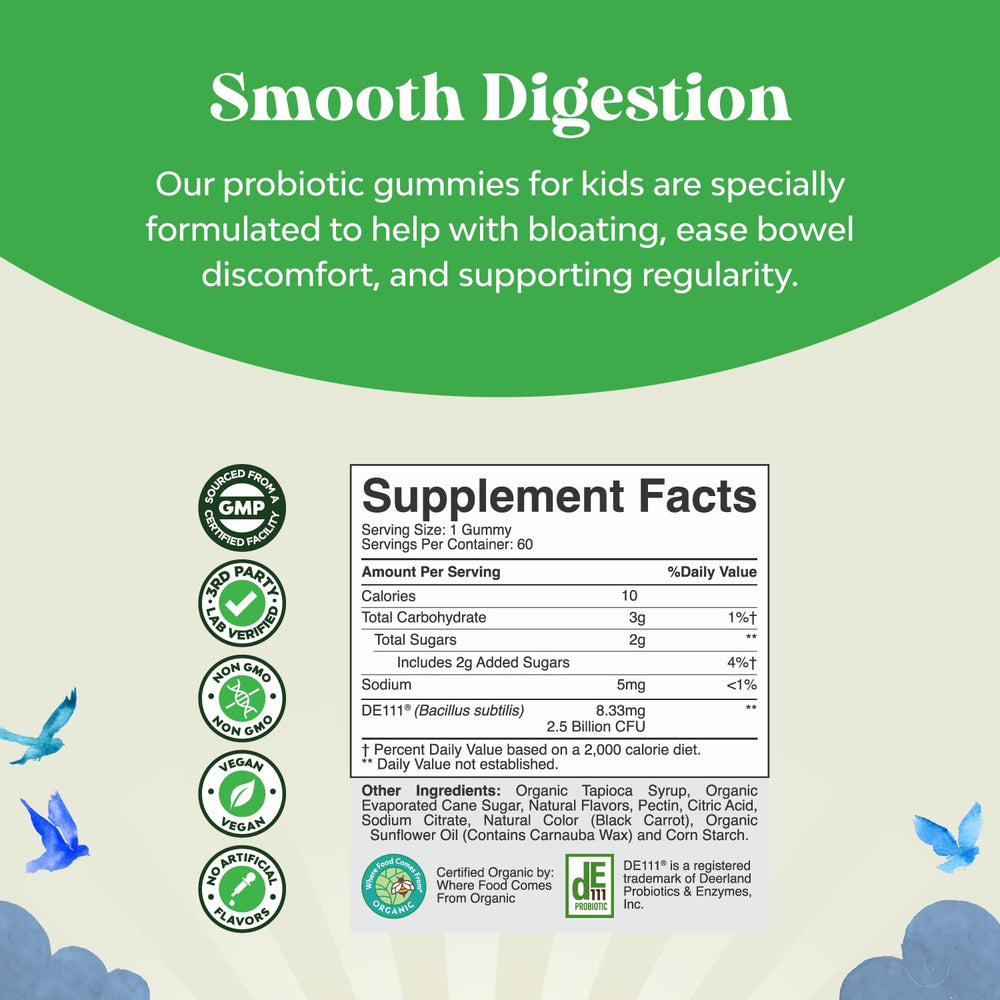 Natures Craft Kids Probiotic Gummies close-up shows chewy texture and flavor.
---
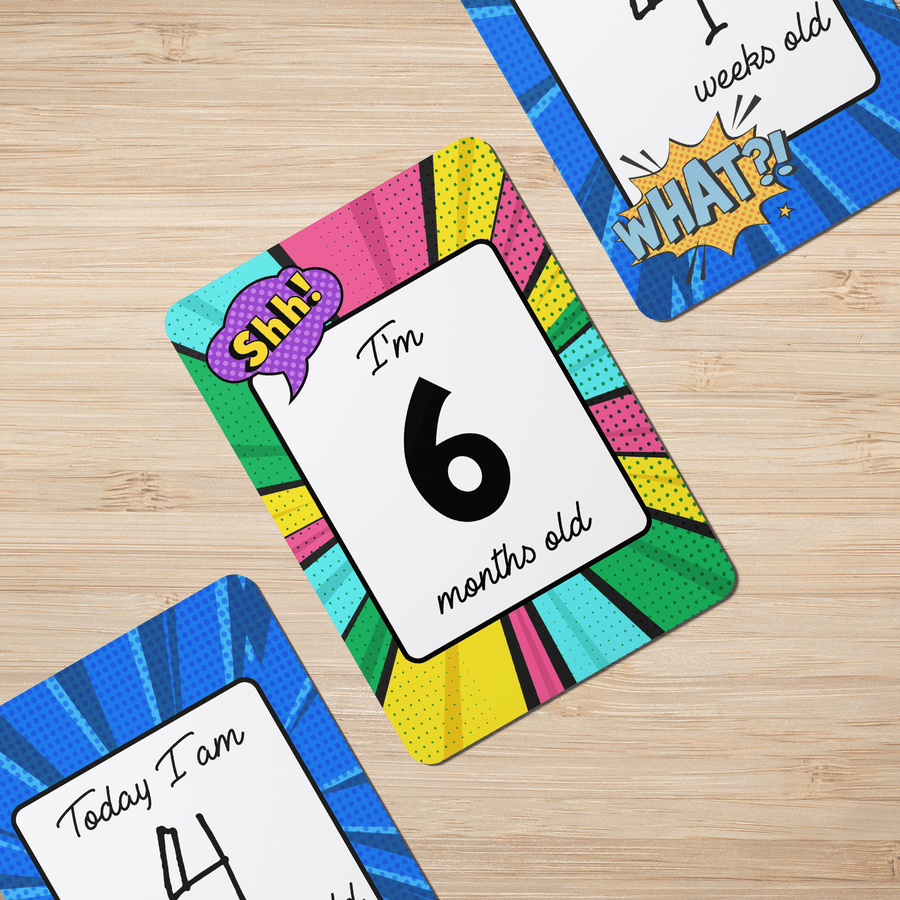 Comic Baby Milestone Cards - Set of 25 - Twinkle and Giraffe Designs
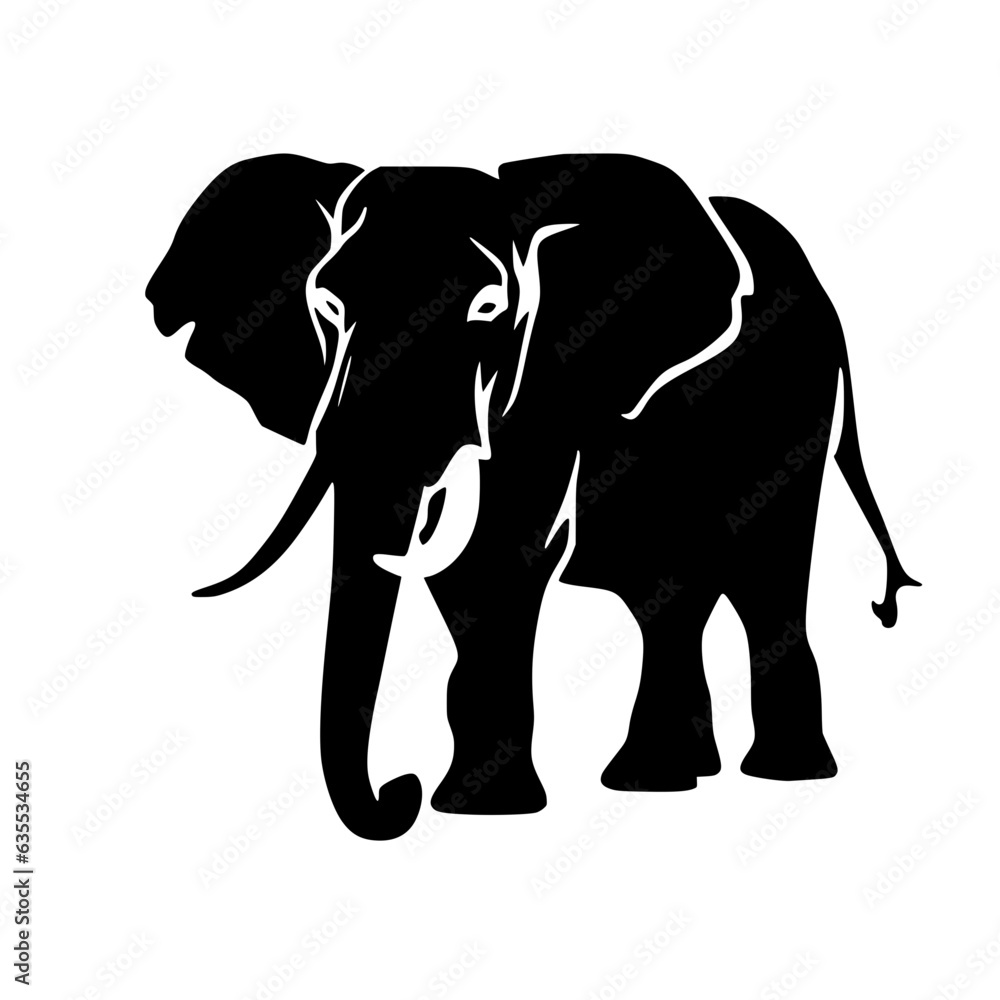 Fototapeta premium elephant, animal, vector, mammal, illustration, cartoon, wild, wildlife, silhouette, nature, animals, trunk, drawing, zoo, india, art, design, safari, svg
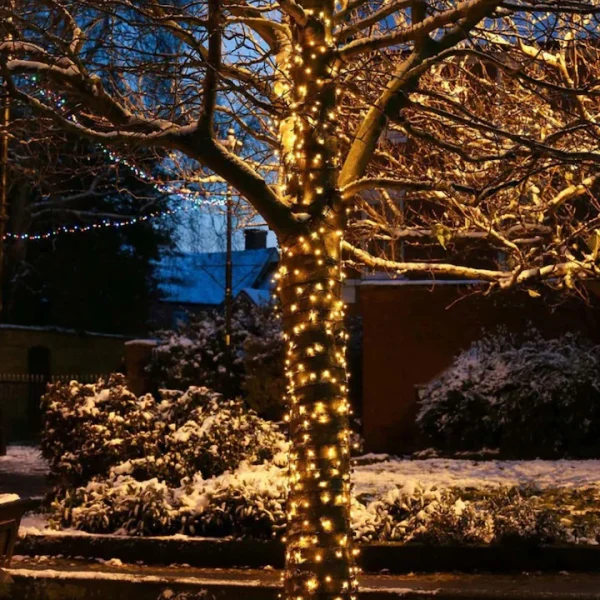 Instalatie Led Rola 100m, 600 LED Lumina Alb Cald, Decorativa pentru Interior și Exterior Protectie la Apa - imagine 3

Work order - Your answer must be everything above from the line with "design, safari, svg" down to the line with "Instalatie Led Rola", word for word, and no pictures.

Response -
 Fototapeta premium elephant, animal, vector, mammal, illustration, cartoon, wild, wildlife, silhouette, nature, animals, trunk, drawing, zoo, india, art, design, safari, svg
 Instalatie Led Rola 100m, 600 LED Lumina Alb Cald, Decorativa pentru Interior și Exterior Protectie la Apa - imagine 3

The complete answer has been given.